[Recorded information]

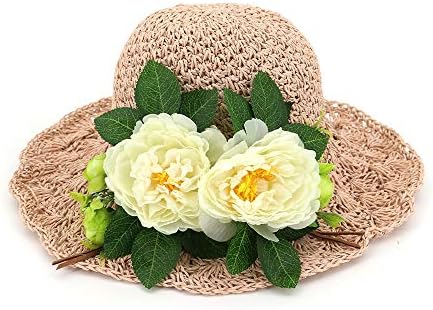 Fen Gzd New Cute Flower Decoration Handmade Crochet Straw Hat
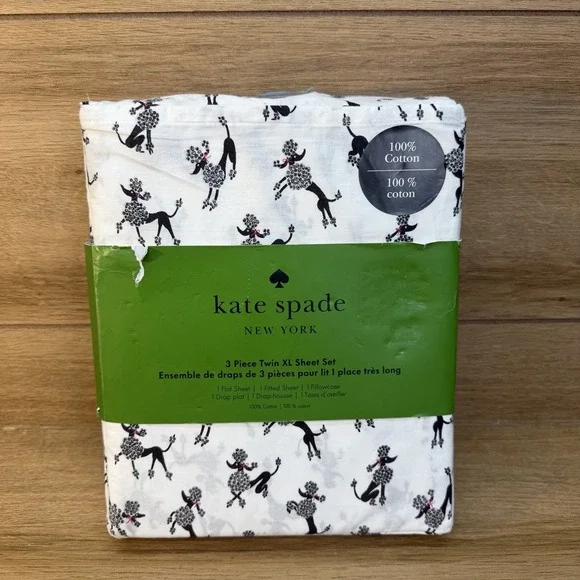 Kate Spade New York 3 Piece Twin XL Sheet Set Dancing Poodles Dog Cotton New
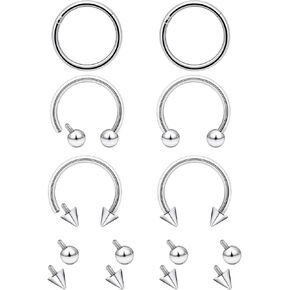 Lcolyoli 16g Septum Rings Internally Threaded Surgical Steel Septum Jewelry Lip Rings Hoop Labret Jewelry Snake Bite Piercing Jewelry Horseshoe Earrings Daith Piercing Jewelry for Women Men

[Task description] Could you retype every line above exactly as it appears, skipping the pictures?

[Written response]
 Fen Gzd New Cute Flower Decoration Handmade Crochet Straw Hat
 Kate Spade New York 3 Piece Twin XL Sheet Set Dancing Poodles Dog Cotton New
 Lcolyoli 16g Septum Rings Internally Threaded Surgical Steel Septum Jewelry Lip Rings Hoop Labret Jewelry Snake Bite Piercing Jewelry Horseshoe Earrings Daith Piercing Jewelry for Women Men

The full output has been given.